箱根山崎で、三十一人のうち十五人が死にました
五月二十六日の箱根山崎の戦いで、勝山の三十一名は最前線の第一軍に置かれました。戦死十五、負傷十、行方不明二。半数が失われた計算になります。そして六月十二日、福井小左衛門と楯石作之丞の二人が佐貫の三宝寺で腹を切りました。藩を救うためです。介錯は藩士の平井名実衛が務めました。藩そのものは最終的に新政府へ恭順し、木更津へ出兵して旧幕府軍と戦っています。差し出した三十一人と、恭順した藩と、その両方が同じ年の出来事でした。

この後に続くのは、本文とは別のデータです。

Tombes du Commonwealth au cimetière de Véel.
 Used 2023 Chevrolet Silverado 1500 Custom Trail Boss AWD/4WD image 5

明治二十三年(1890年)六月十二日、切腹からちょうど二十二年目の日に、妙典寺へ義士の碑が建てられました。篆額の「視死如帰」は、かつて彼らを迎えた遊撃隊副指揮官の人見勝太郎が書いています。死を見ること帰するが如し、という意味です。旧幕府側で戦った人間が、明治政府に仕えたのちに、その筆で碑の題字を書きました。
藩が消える三年前に開かれた学校
藩校育英館が勝山に開かれたのは明治元年(1868年)十月、藩儒の野呂道庵が中心になりました。士族の子弟だけでなく平民にも門戸を開いています。版籍奉還による中断をはさみ、廃藩置県で閉じました。加知山神社の境内には、いまも野呂道庵の寿蔵碑が立っています。
勝山城と、いま残るもの
八幡山の勝山城は平安時代末の築城と推定され、安西氏によるものと伝えられます。石橋山に敗れた源頼朝を安西氏が出城に迎え入れたという伝承があり、のちには里見水軍の拠点となって正木安芸守輝綱が城主を務めました。廃城は元和八年(1622年)、内藤清政が入って麓に陣屋を築いたときです。いまは曲輪・土塁・堀切・虎口が確認でき、頂上に八幡神社があります。陣屋跡は港通りの片側が堀跡で、その南側一帯。陣屋井戸が残っています。北隣の大黒山に建つ天守風の展望台は城跡ではありません。その大黒山には、捕鯨の祖である醍醐新兵衛の墓があります。